So-- who is the kak-brained little cracker whose antics kept me away from my journal for eleven hours?
I'm going to feed his tiny 'nads to the coyotes-- while they are still attached!
Tuesday morning, eleven plump geese flew southward over my house at treetop height, honking furiously as the sky was turning grey. The day turned very cold. The geese must have known. Yesterday, there was rain. By afternoon, the clouds had begun to break up in the west, and bright sunlight flooded the wet woodlands and meadows, and all the trees and grasses glittered. For several minutes, rain continued to fall through the sunshine, the drops gradually diminishing in size until the air was full of bright mist, swirling in the soft breeze. Then, last night, the deer passed by again. I didn't see them, but I heard their hooves on the pavement down at the end of the block. Had I gone out a few minutes earlier, I might have caught sight of them, as the night was clear and the moon not far past full. Today, I saw that many dogwood trees at sightly lower elevations have already begun to put out pink blossoms. The first of the camellias to bloom are already dropping red petals on the walk in front of my house.

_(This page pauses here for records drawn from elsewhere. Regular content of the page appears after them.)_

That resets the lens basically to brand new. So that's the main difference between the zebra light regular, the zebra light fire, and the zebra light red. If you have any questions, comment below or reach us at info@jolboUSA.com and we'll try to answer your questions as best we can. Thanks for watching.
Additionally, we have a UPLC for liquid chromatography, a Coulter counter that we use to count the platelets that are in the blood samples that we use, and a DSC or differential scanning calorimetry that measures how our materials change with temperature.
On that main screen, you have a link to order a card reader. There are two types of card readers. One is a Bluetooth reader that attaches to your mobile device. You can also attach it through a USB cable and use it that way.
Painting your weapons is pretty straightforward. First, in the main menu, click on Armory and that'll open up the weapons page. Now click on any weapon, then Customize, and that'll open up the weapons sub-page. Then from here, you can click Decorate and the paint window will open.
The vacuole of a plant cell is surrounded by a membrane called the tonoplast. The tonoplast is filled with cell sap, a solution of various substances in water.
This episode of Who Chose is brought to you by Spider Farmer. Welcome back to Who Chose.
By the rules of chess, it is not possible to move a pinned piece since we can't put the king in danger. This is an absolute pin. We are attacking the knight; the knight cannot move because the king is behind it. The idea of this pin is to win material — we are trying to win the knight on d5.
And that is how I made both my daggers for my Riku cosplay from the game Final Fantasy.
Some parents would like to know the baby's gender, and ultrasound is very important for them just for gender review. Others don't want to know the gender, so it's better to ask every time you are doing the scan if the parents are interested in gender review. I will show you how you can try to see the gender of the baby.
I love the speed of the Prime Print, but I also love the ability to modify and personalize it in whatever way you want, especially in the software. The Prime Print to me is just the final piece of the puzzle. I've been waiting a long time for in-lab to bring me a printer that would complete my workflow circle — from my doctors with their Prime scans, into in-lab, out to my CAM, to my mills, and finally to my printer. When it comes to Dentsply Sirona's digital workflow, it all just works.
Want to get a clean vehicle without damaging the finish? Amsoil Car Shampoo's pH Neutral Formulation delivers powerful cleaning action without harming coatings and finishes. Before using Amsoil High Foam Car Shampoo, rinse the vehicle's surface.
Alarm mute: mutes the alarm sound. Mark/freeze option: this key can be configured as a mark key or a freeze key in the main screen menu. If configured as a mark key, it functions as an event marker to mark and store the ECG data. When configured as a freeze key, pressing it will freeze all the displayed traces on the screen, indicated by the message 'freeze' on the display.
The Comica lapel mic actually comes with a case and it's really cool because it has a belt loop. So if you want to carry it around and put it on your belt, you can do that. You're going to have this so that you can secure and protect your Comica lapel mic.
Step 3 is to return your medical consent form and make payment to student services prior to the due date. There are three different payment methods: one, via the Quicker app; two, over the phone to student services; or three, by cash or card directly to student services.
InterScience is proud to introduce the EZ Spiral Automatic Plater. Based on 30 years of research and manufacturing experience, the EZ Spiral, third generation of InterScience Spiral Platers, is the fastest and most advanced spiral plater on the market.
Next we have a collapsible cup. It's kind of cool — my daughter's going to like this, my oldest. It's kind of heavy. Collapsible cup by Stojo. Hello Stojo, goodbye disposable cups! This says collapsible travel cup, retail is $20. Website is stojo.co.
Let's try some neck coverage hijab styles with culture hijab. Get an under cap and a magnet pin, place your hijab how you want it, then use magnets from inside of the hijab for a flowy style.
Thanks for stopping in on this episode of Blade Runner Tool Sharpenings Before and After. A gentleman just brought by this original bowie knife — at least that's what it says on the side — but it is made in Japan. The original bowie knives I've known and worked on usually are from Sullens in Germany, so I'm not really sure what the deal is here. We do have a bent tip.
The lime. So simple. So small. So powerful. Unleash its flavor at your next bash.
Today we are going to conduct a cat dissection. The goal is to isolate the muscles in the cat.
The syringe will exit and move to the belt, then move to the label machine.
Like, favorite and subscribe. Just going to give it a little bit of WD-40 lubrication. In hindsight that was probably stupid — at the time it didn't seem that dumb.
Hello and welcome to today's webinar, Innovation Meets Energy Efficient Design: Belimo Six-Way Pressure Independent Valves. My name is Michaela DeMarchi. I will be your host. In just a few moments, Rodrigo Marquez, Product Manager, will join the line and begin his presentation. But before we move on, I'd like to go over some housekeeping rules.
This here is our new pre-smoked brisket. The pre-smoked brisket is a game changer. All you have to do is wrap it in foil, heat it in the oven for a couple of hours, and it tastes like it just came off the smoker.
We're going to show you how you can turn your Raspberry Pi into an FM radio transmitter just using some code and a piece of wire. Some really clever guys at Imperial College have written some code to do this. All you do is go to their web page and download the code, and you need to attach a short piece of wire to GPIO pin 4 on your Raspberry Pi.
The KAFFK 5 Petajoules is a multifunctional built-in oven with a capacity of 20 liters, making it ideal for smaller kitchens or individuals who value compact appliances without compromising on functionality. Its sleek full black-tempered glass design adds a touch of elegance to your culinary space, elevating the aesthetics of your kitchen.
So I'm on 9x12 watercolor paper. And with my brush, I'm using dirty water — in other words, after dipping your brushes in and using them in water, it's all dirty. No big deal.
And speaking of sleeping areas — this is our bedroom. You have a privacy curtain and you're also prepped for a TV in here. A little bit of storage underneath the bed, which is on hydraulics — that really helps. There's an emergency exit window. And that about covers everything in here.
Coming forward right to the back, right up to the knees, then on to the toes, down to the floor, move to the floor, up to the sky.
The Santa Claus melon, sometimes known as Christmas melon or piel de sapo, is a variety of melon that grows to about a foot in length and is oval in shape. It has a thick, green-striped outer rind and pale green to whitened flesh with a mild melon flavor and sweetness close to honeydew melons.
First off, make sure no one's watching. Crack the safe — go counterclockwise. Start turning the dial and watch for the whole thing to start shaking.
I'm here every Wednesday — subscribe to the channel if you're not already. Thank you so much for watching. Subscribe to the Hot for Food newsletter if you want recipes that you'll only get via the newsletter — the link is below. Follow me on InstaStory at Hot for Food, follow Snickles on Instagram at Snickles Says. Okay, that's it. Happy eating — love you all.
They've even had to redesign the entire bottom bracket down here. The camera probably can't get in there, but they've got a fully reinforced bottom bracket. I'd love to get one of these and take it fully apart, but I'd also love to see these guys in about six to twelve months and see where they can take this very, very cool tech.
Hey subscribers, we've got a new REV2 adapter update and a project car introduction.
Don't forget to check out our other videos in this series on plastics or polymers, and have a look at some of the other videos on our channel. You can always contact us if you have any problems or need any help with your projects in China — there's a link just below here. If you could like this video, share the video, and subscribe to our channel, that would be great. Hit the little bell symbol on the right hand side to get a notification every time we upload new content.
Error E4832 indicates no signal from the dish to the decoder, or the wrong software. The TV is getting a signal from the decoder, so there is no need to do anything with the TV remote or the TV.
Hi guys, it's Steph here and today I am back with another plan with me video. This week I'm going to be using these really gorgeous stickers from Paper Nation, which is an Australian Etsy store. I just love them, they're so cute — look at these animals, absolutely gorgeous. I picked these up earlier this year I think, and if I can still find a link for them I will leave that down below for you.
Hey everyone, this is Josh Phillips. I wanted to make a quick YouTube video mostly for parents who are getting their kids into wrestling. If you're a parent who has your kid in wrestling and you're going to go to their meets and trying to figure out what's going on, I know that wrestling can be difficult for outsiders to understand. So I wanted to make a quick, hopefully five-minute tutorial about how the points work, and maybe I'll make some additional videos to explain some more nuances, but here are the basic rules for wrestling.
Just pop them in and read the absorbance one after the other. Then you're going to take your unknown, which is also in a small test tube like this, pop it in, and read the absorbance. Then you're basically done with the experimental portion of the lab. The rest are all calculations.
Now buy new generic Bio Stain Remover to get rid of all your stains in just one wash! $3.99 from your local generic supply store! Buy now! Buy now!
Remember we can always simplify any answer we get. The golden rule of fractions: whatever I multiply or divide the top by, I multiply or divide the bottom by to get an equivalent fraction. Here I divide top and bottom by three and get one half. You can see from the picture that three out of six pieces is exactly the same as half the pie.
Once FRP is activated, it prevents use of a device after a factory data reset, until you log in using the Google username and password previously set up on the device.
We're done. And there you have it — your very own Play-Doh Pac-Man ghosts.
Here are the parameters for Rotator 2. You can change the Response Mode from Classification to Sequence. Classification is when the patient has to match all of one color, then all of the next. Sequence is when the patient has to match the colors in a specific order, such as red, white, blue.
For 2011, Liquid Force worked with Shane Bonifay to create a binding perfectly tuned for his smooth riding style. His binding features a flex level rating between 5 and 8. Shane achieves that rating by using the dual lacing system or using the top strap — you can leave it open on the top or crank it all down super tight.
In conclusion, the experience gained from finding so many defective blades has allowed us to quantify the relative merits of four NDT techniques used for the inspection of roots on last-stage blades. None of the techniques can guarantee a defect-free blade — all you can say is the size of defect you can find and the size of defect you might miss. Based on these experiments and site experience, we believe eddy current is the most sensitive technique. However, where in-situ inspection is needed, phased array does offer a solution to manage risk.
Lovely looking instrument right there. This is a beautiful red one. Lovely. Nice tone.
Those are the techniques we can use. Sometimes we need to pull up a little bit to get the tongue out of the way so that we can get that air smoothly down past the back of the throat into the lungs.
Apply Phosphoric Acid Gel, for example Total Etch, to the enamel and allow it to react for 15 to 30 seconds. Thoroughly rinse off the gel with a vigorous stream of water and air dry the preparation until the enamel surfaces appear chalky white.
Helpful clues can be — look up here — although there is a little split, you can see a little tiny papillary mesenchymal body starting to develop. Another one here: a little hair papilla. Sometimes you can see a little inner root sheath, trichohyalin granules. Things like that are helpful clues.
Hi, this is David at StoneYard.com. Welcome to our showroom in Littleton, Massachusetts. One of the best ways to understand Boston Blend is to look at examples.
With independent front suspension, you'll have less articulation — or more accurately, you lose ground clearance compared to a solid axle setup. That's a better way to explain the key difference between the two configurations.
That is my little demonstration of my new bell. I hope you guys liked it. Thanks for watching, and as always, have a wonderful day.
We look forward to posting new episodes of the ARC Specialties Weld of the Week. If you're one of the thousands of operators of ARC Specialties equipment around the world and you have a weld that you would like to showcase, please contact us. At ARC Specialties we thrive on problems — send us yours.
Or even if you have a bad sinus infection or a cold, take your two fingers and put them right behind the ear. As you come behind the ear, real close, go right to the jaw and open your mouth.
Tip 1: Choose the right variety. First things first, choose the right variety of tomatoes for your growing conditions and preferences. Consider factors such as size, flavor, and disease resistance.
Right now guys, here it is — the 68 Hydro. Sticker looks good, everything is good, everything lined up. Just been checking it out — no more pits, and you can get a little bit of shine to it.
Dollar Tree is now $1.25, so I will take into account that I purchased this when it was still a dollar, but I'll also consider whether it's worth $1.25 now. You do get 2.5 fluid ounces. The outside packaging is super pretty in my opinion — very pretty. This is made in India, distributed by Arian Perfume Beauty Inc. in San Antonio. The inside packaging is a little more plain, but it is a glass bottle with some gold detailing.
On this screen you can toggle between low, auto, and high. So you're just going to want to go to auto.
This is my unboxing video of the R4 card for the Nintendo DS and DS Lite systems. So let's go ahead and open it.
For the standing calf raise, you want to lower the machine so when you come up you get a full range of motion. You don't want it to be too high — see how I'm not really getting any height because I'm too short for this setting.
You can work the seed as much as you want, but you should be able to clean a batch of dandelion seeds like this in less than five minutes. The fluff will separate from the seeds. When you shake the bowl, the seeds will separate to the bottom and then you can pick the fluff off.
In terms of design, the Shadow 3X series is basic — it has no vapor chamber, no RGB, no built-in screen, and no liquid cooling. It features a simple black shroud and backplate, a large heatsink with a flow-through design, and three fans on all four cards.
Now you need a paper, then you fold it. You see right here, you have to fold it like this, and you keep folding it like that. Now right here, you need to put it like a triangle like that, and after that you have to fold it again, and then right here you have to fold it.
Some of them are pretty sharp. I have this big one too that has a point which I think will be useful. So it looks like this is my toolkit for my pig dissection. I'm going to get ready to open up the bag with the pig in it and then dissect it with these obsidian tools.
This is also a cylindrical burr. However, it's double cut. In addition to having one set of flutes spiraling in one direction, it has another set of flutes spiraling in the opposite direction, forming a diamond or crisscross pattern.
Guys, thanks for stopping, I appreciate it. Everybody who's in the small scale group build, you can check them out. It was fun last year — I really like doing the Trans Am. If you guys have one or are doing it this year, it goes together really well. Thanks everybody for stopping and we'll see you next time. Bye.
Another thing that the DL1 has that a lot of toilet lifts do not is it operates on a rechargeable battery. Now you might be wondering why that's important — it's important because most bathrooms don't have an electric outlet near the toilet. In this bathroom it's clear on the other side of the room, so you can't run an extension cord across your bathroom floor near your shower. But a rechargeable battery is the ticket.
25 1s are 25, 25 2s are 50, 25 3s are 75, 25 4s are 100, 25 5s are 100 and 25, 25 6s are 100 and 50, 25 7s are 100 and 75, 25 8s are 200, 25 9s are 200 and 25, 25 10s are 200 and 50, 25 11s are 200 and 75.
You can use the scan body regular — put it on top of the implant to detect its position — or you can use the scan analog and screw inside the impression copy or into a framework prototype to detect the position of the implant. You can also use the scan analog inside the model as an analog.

This has been the strangest of winters. Perhaps that accounts for the dreams. I don't remember the details of these dreams, but I wake with vague images of rushing streams, long roads, and on hills above them, twisting city streets lined by dense buildings draped with oriels, like San Francisco displaced to the mountains and bent into odd shapes. One vivid dream image remains: I am at a party in a big Victorian house, and a boy of five or six is vomiting into a toilet as I hold him above it. My older brother, not as he is now, but as he was when he was at nineteen or twenty, walks by the open door of the bathroom and chuckles when he sees me. When the boy is done vomiting, I go to flush the toilet and see that it is full of small flowers. I have no idea what any of these odd dream images mean, if they mean anything at all.
I still have the feeling that something in my subconscious is trying to make its way to the surface. Whatever it is continues to elude me. Sometimes I find one of the cats staring at me, and realize that I have been woolgathering and that my mind is entirely blank; I have no wool. I wonder what the cats know that I don't?